The Adventures of Jack Dalhousie: Part One

An exasperated sigh escaped Jack’s throat, breaking the early morning silence and sending a spray of condensation from his red muttonchops. With a final glance at the flat, bare scrap of land before him, he hitched up the straps on his rucksack and trudged ahead. There was a road to follow, at least, but it was in a sorry state, and in any case just meandered along before looping around and heading right back off the property, as if even the streets disdained the place. So, with little else to occupy it, Jack’s mind drifted back several weeks to a cold Monday morning in his hometown of Bonnyrigg, Scotland. He’d been reclining in the study, as was his morning custom, reading a book and waiting for the strong cup of coffee that the manservant was to bring. Regrettably, the servant had also come with a most unwelcome missive from Jack’s father.

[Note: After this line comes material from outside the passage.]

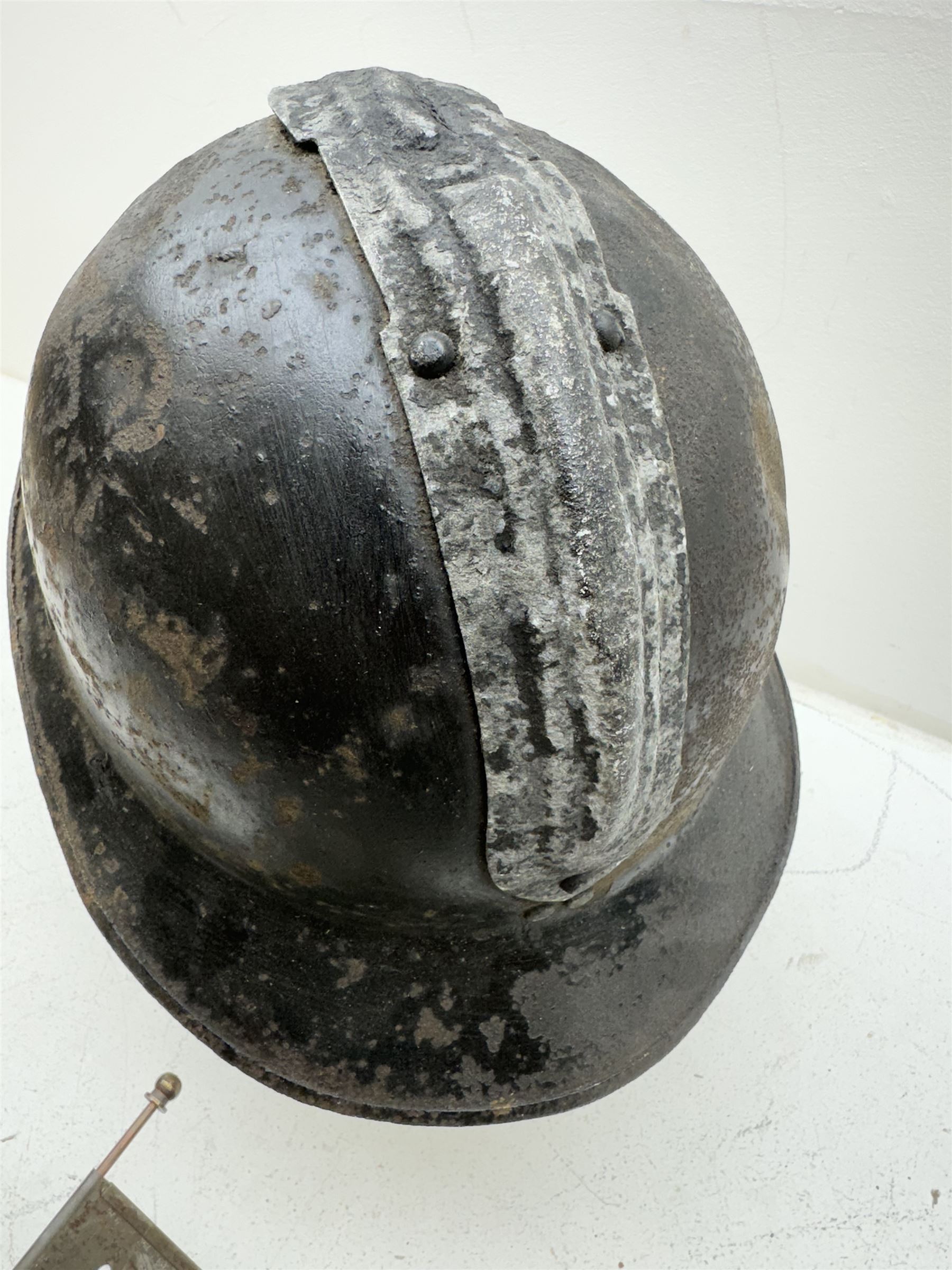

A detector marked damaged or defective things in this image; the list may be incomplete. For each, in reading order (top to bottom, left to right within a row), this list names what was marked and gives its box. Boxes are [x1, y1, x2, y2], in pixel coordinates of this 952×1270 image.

corroded iron surface [271, 72, 690, 902]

So went the letter that George Ramsay, 9th Earl of Dalhousie, had been making a lot of talk about establishing a university on the coast of British North America. No sooner had he got the property paid for than he left the whole thing to wallow while he assumed a Governor-Generalship of the entire chunk of the continent. This left the job of completing the university rather open.

This was the most recent—and the most admirably effective—attempt by his father to get Jack out of the house. After all, with his older brothers already occupying the roles of lordling, soldier, and priest, he was that most uncomfortably superfluous addition to the household: the scholar. Undoubtedly, his father had seen Dalhousie’s name on the plans and thought of Jack. He was very proud of that name, in spite of its total lack of relation to the Earl himself, and was constantly vexed by the lack of honour Jack brought to it.

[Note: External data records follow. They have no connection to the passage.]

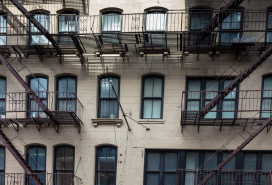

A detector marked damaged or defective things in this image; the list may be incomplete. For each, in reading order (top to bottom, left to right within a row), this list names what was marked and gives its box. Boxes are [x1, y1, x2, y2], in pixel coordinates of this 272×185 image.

rusty metal beam [9, 0, 62, 64]
rusty metal beam [0, 54, 60, 132]
rusty metal beam [199, 42, 272, 117]
rusty metal beam [0, 129, 43, 184]
rusty metal beam [197, 114, 272, 185]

Jack tried to flush the thoughts from his head as he came up on the building. It was the only building on the property, low and constructed of dull, grey stone, squatting like a swamp beast lurking unpleasantly in the quagmire. The walls seemed entirely without windows, and heavy oaken doors promised no light within. Lighting a lantern and twisting the key, Jack pressed on the door, his wiry arms straining to budge it. Protesting all the way, it swung open, revealing the expected darkness within.

The building didn’t have the comforting darkness of a warm room at night, or the subtle and crystalline darkness of a starlit night. This was a crushing darkness, a suffocating darkness, a darkness that lingered on the edge of vision and threatened to steal away one’s very vision should whatever light to be found were to vanish. And as the door ponderously creaked shut, and the darkness was complete, Jack swung his lantern back and forth and knew that this task was not all that it seemed.